Wednesday, October 1, 2008

getting it


I don't get it. No matter what I do, I don't understand how some mom's have an unending patience for their children. The obvious answer is that I am not yet a mother. The not-so-obvious answer is that I am so task-oriented that I forget that I am working with people rather than machinery. I am so easily frustrated when people don't "get it." I forget that I am not responsible for other people. I am responsible for my reactions to their comments, my behavior when around them, my expression of love towards them. I am responsible for myself and myself only.

More and more I am aware of what Peter must have meant when he said, "above all else, love one another." When I am consciously aware of other people, I am not overly concerned with "getting the job done." When I am acutely in tune to others, I remember that the smile of one person is much more valuable than a checkmark on a to-do list. I've got to keep working on that as He continues to keep working on me. He's got it under control and I am more and more alright with that.

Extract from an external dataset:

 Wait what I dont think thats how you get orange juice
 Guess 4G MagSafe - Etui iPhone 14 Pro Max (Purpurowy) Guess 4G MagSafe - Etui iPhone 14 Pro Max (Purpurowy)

Consider this: I had to stick my foot in my mouth today. The boys have brought home an unbecoming phrase from school and feel at liberty to chant it whenever they see fit. As it so happens, I used the phrase (in its proper context) and was immediately reprimanded by an 8-year old. Of course. Of course. At the ripe age of 24, I had to apologize for using the phrase "I don't care," and literally tasted the stentch of sweat as I stuck my foot in my mouth.

2 comments:

Anonymous said...

That won't be the last time you stick your foot in your mouth, honey...I walk around on nubs!Missing You, Mom

Brittany said...

if it makes you feel any better, i taught my children the word "shit" by accident when I thought they weren't listening.